For my organization it was like, as soon as the pandemic hit – I mean, my organization deals with language-related issues all around the world, and all of a sudden that became really difficult and prioritized at the same time, because now we’ve got all of this health information that needs to go all around the world, in all of these different languages, people are more at home, so maybe connecting to them digitally is more important than in other venues… I don’t know how those translated across industries, but I’ve definitely heard a lot of people saying “We’re busier than ever.” It could be because they have less people to do the work, but I’m guessing it’s because some of these issues the data science really addresses well are those issues that are related to some of the things going on in the world. So I don’t know, do you hear those sorts of stories at Anaconda about people using Anaconda to really address some of these issues, and actually solving some of these complicated issues that we’ve been faced with uniquely over this past year?
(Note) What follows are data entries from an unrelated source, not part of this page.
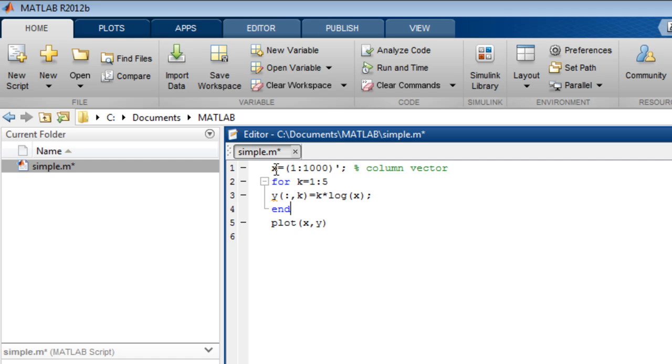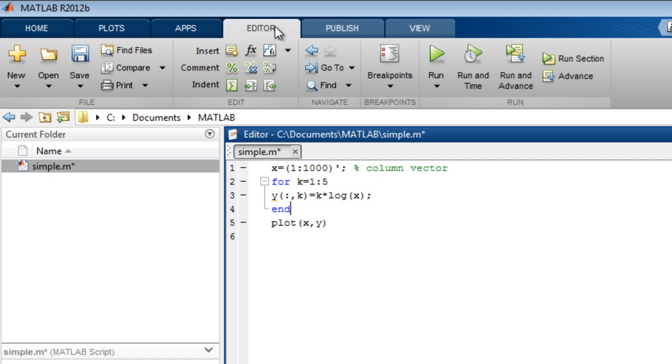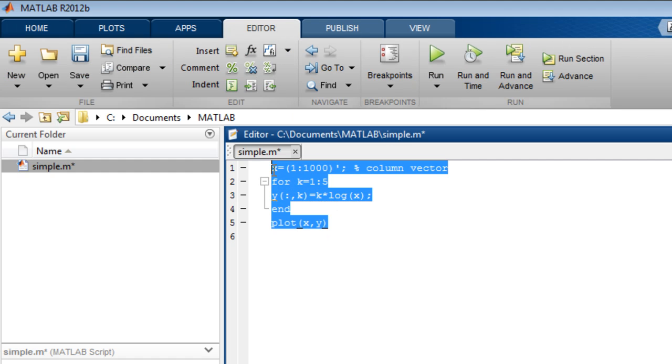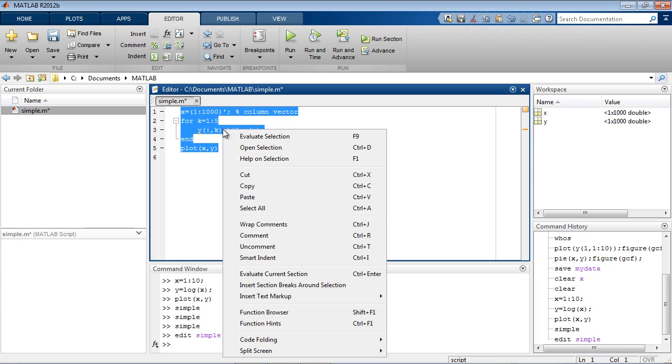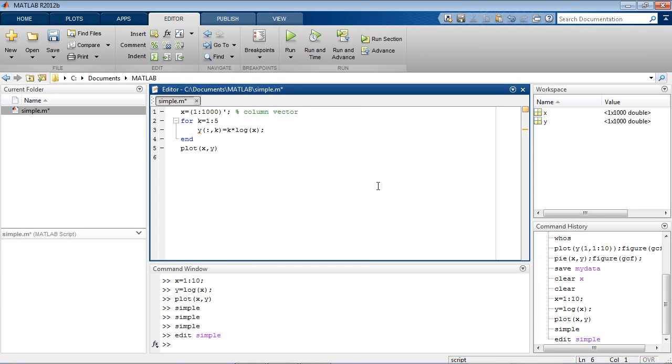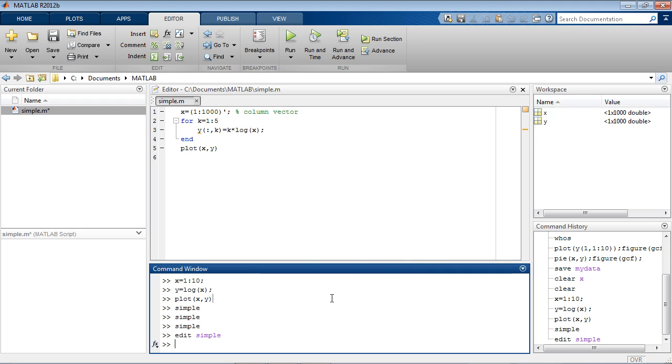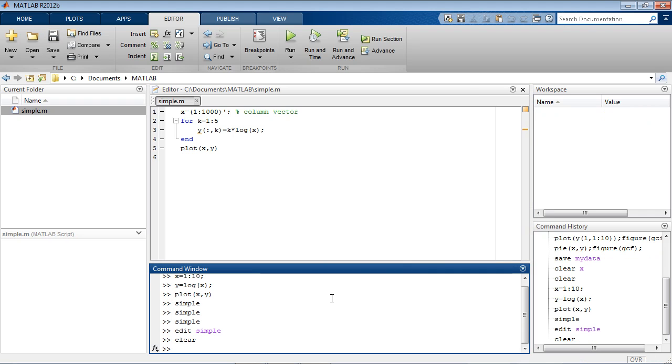There are a number of tools in the editor to help you write and format your code, such as Smart Indent. You can also access these tools from the right-click menu. Let's save the code, clear the workspace to remove the previous values of x and y, and run.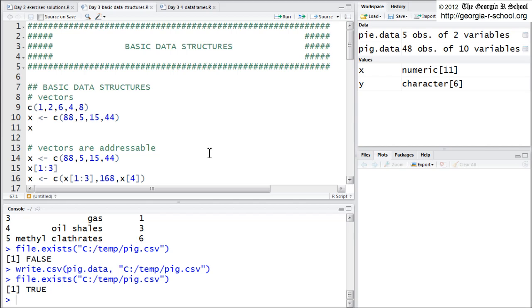But a matrix, for example, a vector is one-dimensional, right? It's a column of data of which they're all the same type. A matrix is two-dimensional. It has rows and columns. And generally, matrices are regarded as numeric, but they don't have to be. A matrix is two-dimensional, rows and columns of numbers.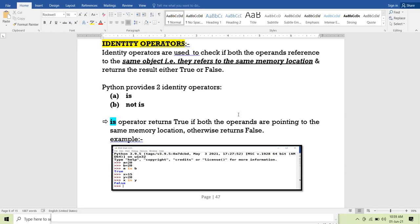In Python there are two types of identity operators. The first identity operator is `is`. It is a keyword as well as an identity operator. The `is` operator checks the given expression: if both operands are pointing to the same memory location, the result is true; if they are not pointing to the same memory location, the result is false.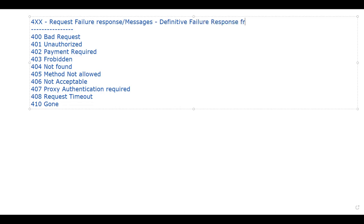As soon as you get a 4xx, that means it's a failure, and at that point the client should not retry the same request without doing any modification. For example, if a request needs authorization, you need to add appropriate authorization and then the client should retry. But if you want to send the same request to a different server without modification, you can do that — it may or may not be successful on a different server.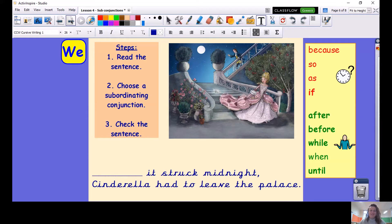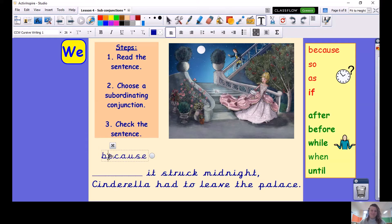Last one. Read the sentence, choose a subordinating conjunction, check the sentence. Something — it struck midnight — Cinderella had to leave the palace. Because it struck midnight, Cinderella had to leave the palace. So it struck midnight — Cinderella had to leave the palace. As it struck midnight, Cinderella had to leave the palace. If it struck midnight, Cinderella had to leave the palace. Because, as, if — they all work for this sentence, but they change the meaning of what happens next. So think carefully about what you're trying to tell your reader. I'm going to say: Because it struck midnight, Cinderella had to leave the palace. I could have said after, before, or when it struck midnight — but while and until would not have made sense.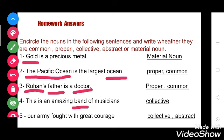Now see the fifth one: our army fought with great courage. Here army is a collective noun. Courage is an abstract noun. Abstract nouns are names that state the quality, feeling, or idea. You can only think of them — you cannot touch them, they are non-tangible.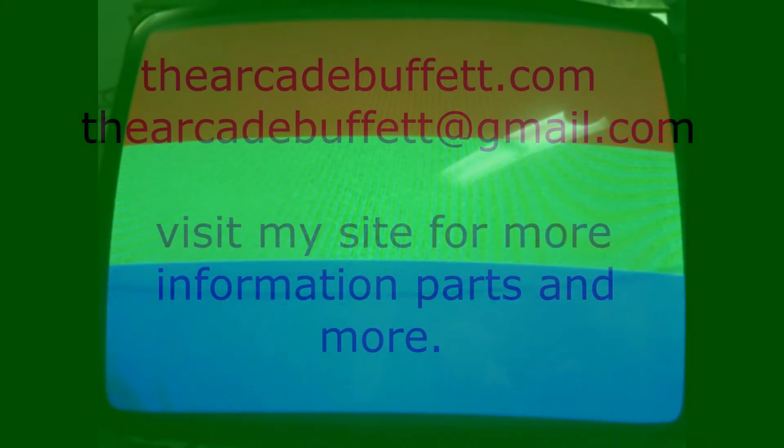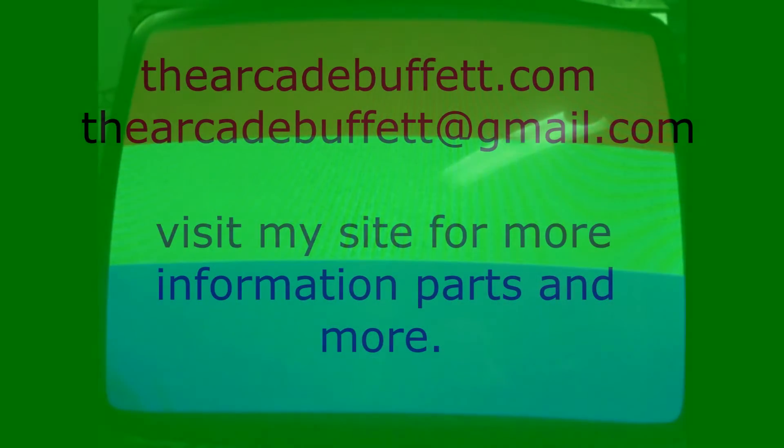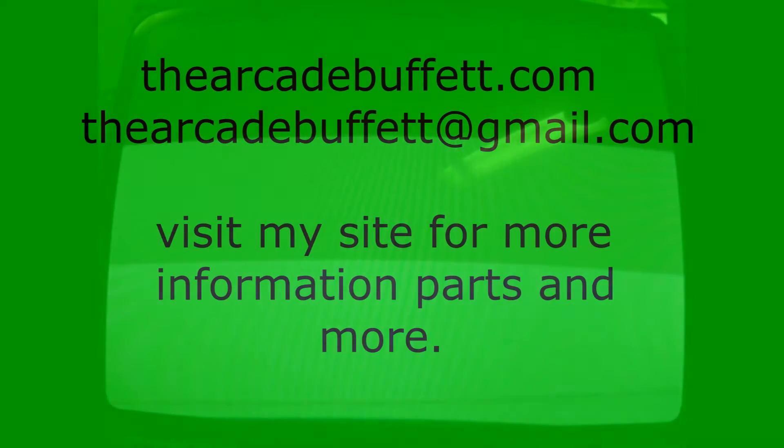If you have any questions or comments, please leave them at the bottom of this video or shoot me an email at thearcadebuffet at gmail.com or visit my site, thearcadebuffet.com. Thanks and see you soon!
Yeah, I mean it breaks – the way you’ve phrased the question, one could say “Well, some of the complicated issues are specifically medical in nature.” So in the area of genetic research, and pharma, and sciences, and all that, the Python data stack comes with the Python scientific stack, right? So that stuff gets used all over those places. So there’s sites that track the evolution of the genome of SARS Covid-2, and that site uses a number of the open source tools in our toolbox… And there’s just so many epidemiological studies, and all these other things… Those are areas that our stuff gets used in, and we see them mentioned, we see references or shout-outs on Twitter…
But on a broader thing, from an industry perspective, I think you make a good point that some businesses saw an opportunity to shift their business model to accelerate certain things that are digital in nature, digital engagement being one of those areas where it’s like, “Yeah, you’re gonna have to do that or not have any engagement, because everyone’s locked down.”
[20:09] So those areas were areas that then by its very nature of being a digital engagement it creates so much data exhaust. So then of course you wanna analyze that, and of course you wanna use that to feed back into improving the product and increasing engagement. So there was a natural kind of baseline (I would say) tailwind for some of that stuff, but we already used it across a lot of industries. So there’s brick and mortar, or more physical domain businesses where - yeah, their businesses were unfortunately negatively impacted, and there wasn’t budget available, so they had to cut some staff, or…
We did drill in and ask, if the organization decreases investment, in what way did it do so? And half the people said “Well, we just lost some budget”, half the people said “Our team didn’t grow.” 40% of people said “Yeah, we actually laid off some people”, and then about a third said that they had various project timelines put on hold indefinitely, or for some extended period of time.
So that’s kind of the way that that came down. But on the exact flipside, the people whose organizations increased investment, that increased budget, they were actively hiring, they had way more projects, additional projects, and they could buy more tools. So maybe there’s not information there; it’s kind of what you’d expect.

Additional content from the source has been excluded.